[Records drawn from a dataset]
- - -

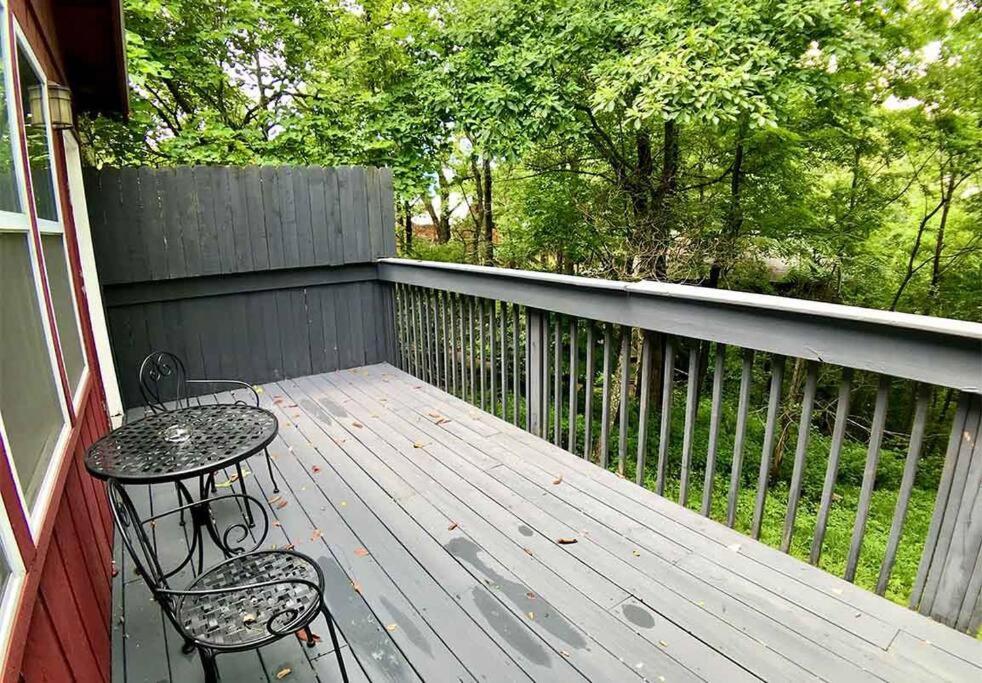 Oak Crest – Mountain Chalet/#9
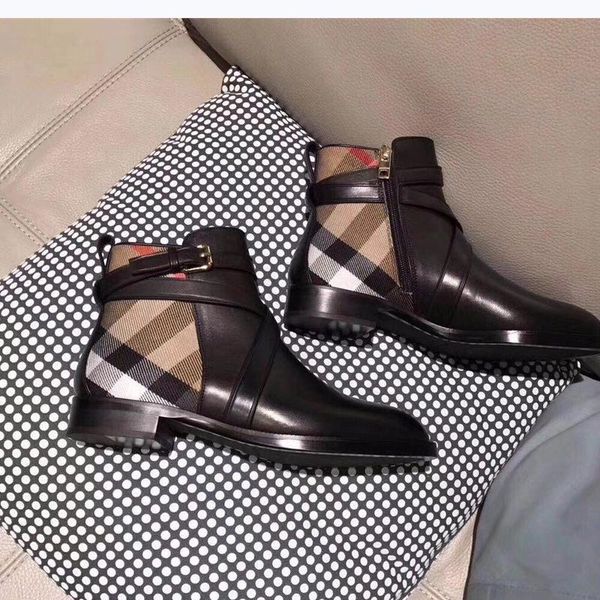 2020qq new official website synchronous release of luxury women's casual fashion boots, outdoor travel casual boots, fast delivery, Black
2020qq new official website synchronous release of luxury women's casual fashion boots, outdoor travel casual boots, fast delivery, Black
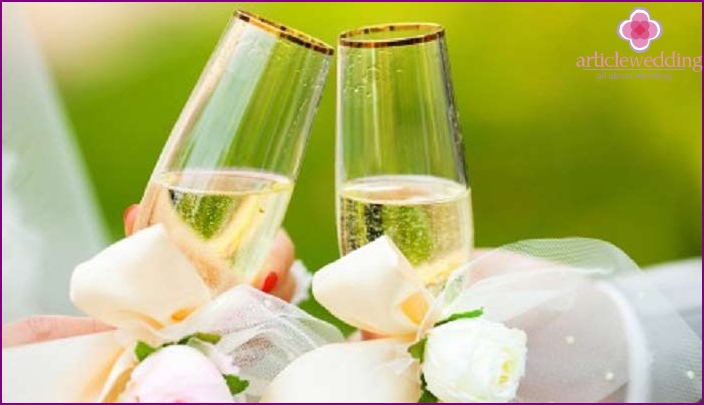 الشمبانيا لحفل الزفاف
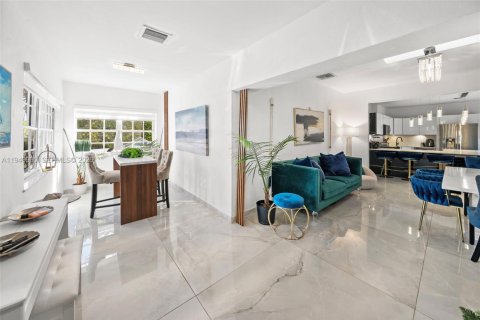 House in Surfside, Florida 3 bedrooms, 123.28 sq.m. № 2000968 - photo 22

- - -

### REQUIREMENT
With the pictures left out, restate word for word every line of the data above, from the first down to the line that contains "الشمبانيا لحفل الزفاف".

### WRITTEN ANSWER
 Oak Crest – Mountain Chalet/#9
 2020qq new official website synchronous release of luxury women's casual fashion boots, outdoor travel casual boots, fast delivery, Black
2020qq new official website synchronous release of luxury women's casual fashion boots, outdoor travel casual boots, fast delivery, Black
 الشمبانيا لحفل الزفاف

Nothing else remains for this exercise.